After the war many wanted to return to the prewar gold standard. In 1925, for example, the British exchequer was Winston Churchill. He wanted to return to the old gold price, ignoring the fact that the wartime money printing demanded a much higher gold price. He in effect overvalued the pound.
Keynes told Churchill this would be a deflationary disaster. If Britain was to go back on a gold standard, it would have to set the gold price higher. But Churchill ignored his advice.
The result was massive deflation and depression in Great Britain, years before depression struck the rest of the world.
The notoriously flawed gold exchange standard that prevailed until 1939 should never have been adopted, and should have been eliminated before WWII did the job. These days, there isn't a central bank in the world that wants to go back to a gold standard (though many are hoarding gold themselves). But that's not the point. The question is whether they will have to.
I've had conversations with several Federal Reserve Bank presidents. When you ask them point-blank, "Is there a theoretical limit to the Fed's balance sheet?" they say no. They say there are policy reasons to make it higher or lower, but that there's no limit to the amount of money you can print.
That's completely wrong. That's what they say; that's how they think; and that's how they act. But in their heart of hearts, some people at the Fed know it's wrong. Luckily, people can vote with their feet.
I always tell people who say we're not on the gold standard that, in a way, we are. You can put yourself on a personal gold standard just by buying gold. In other words, if you think that the value of paper money will be in some jeopardy, or confidence in paper money may be lost, one way to protect yourself is by buying gold. And there's nothing stopping you.
The typical response is, "What's the point of owning gold? They're just going to confiscate it, like Roosevelt did in 1933." I find that extremely unlikely.
In 1933, we'd just come through four years of the Great Depression, and Roosevelt was new in office. People talk about the first hundred days, but he closed the banks right after he was sworn in. And he confiscated gold only a few weeks later.
And it wasn't as if Eliot Ness was going door to door, breaking into your house and taking gold. They wanted to get a small number of people who had 400-ounce bars in bank vaults. And they got those people because they were able to close the banks and use them as intermediaries to confiscate that gold.
But now, gold is far more dispersed, and there's far less trust in government. If the government tried to confiscate gold today, there would be various forms of resistance. The government knows this. So they wouldn't issue that order, because they know it couldn't be enforced, and it might cause various kinds of civil disobedience or pushback.
As long as you can own gold, you can put yourself on your own gold standard by converting paper money to gold. I recommend you do that. I'm not suggesting you convert all your Dollars to gold. Not at all.
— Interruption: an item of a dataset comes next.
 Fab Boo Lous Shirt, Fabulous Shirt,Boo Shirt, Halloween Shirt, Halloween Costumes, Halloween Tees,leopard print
But I do recommend having 10% of your investable assets in gold for the conservative investor, and maybe 20% for the aggressive investor – no more than that. Those are very high allocations relative to what people have. Most people own no gold.
If demand spiked suddenly, there's not enough gold in the world – at current prices – to satisfy that demand. Gold prices would have to rise dramatically to bring them in line with demand.
If some scenarios play out, you are going to see the price of gold rocket to the moon. And it may happen in a very short time.
You shouldn't expect a steady, gradual increase. Gold may to drift along sideways, going nowhere for a period. Then you'll see a spike, then another spike and then a super-spike. It could happen within months.
At that point, gold becomes a major force. Ultimately I expect gold to reach $15,000 an ounce or more. That figure isn't made up. I didn't come up with it to be provocative. It's a product of the actual math. They're the numbers you get when you simply divide the money supply by the amount of gold in the market. Under some scenarios, gold could even reach $27,000. There are many variables in play.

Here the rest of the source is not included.